Exactly the lines below from the line with "Stylish 2 Bedroom" through the line with "New 2026 Land" must make up the answer, both ends included and pictures left out.

> **Data listing**
--- START ---

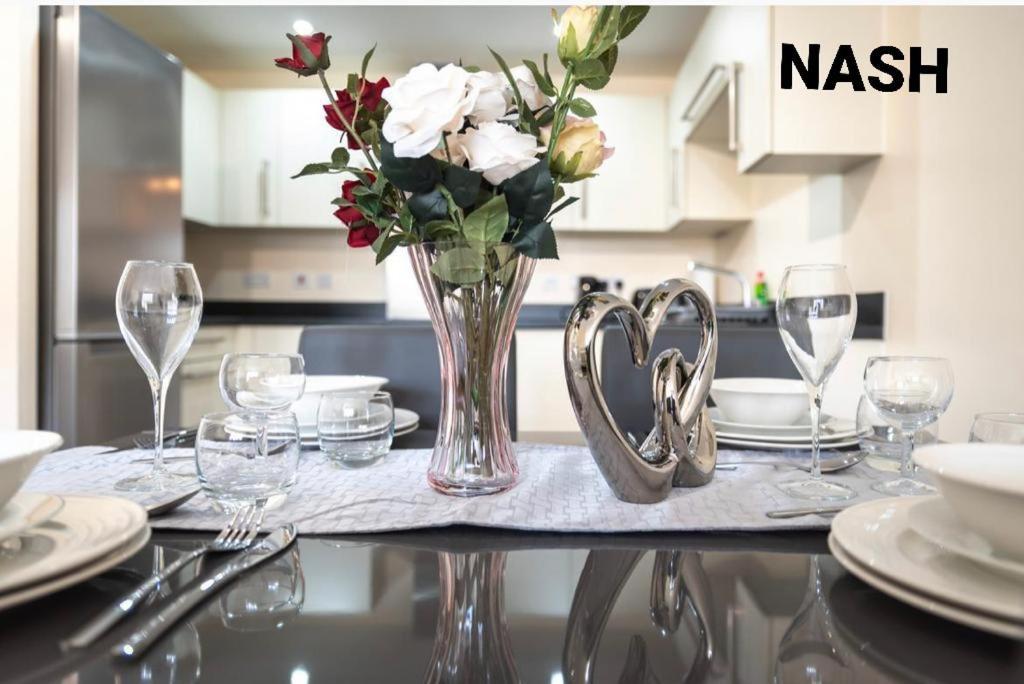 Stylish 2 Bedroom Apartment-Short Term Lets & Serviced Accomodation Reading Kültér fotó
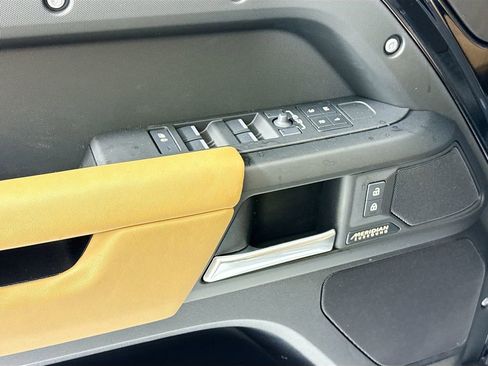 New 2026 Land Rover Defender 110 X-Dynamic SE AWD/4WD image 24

--- END ---
--- START ---

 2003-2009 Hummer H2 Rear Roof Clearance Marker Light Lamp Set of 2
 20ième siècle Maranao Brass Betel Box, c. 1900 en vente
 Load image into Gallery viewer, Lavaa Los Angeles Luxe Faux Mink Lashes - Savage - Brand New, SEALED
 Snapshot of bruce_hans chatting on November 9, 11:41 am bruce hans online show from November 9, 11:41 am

--- END ---

> **Solved problem**
 Stylish 2 Bedroom Apartment-Short Term Lets & Serviced Accomodation Reading Kültér fotó
 New 2026 Land Rover Defender 110 X-Dynamic SE AWD/4WD image 24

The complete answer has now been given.